Trump announced that he does not want to speak to the Chinese President Xi Jinping now and that he is even thinking about cutting off the whole trade relationship.

This new development as well as devastating US retail sales that completely collapsed in April to -16.2percent, a further 3 million new jobless claims and the manufacturing PMI dropping to 41.5, the lowest since February 1949, brought fear to investors last week.

Equity markets contracted for most of last week as analysts now start to fear a strong downward correction in share and bond markets in the short run. In the US, the S&P 500 index lost almost 4percent during the first three days last week and remained under pressure at the opening on Friday.

More fears of a typical W-formation starts to emerge. Prospects are for volatile and risky movements over the next few months till certainty over the end of the global lockdown and the effects of the huge stimulation packages start to show. Once again emerging markets felt these uncertainties strongly as their bond rates and currencies paid the toll.

Domestically the rand exchange rate and equities on the JSE not only moved in tangent with the global markets, but also remain nervous on the lack of certainty on the handling of the government of the lifting of the lockdown requirements.

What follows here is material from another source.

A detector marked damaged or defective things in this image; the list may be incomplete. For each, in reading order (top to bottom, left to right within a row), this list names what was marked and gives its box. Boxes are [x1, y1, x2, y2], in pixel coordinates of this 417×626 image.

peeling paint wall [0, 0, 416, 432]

The weaker rand and increases in the prices for gold and most other metals helped the JSE to rather move sideways over the week. The all-share index ended the week on 49628 points, down by 2.7percent. Financial, banking and property shares had a terrible week. The Fin15 index tumbled 10.8percent and is now 42percent down for the year to date. Listed property is now 50percent lower since the beginning of this year.

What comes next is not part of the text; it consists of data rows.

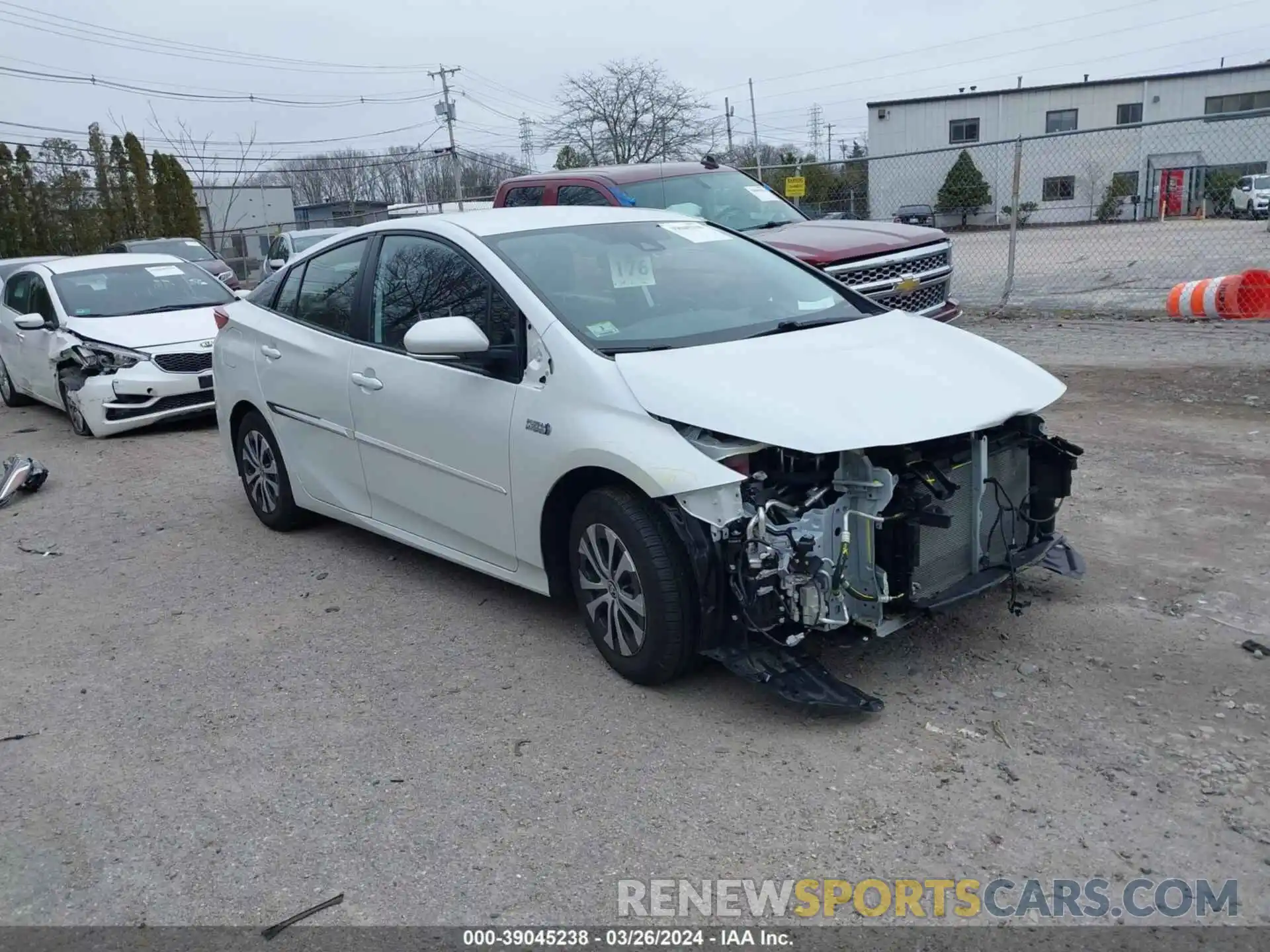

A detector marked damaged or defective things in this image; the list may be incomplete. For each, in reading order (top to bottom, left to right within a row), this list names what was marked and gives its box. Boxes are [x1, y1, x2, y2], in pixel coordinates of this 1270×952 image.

damaged white sedan [0, 250, 236, 436]
crumpled hood [66, 309, 221, 350]
damaged white sedan [216, 210, 1081, 715]
crumpled hood [614, 313, 1062, 454]
damaged front end [675, 413, 1081, 711]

Foreigners were net sellers of South African shares and bonds as emerging markets experienced capital flight to less risky assets and the dollar and gold as safe havens. Gold bullion had already increased by 19percent over the past six months, trading on Friday at $1748 per ounce, up by 35percent over the last year.

The rand, in reaction to the foreign sell-off of equities and bonds ended the week R18.55 to the dollar or 1.2percent weaker than the previous Friday (R18.33). On the capital market the R186 government bond also lost some ground trading on 8.1percent on Friday or 1.7percent weaker than the previous week. But the bond market is still 2.47percentage points lower than the 10.48percent level on March 6, the day after Moody’s downgraded South Africa finally to junk status.

This week attention will be on the interest rate decision of the Monetary Policy Committee on Thursday. Consensus is for another cut.

Dr Chris Harmse: Economist and chief investment officer at Rebalance Fund Managers.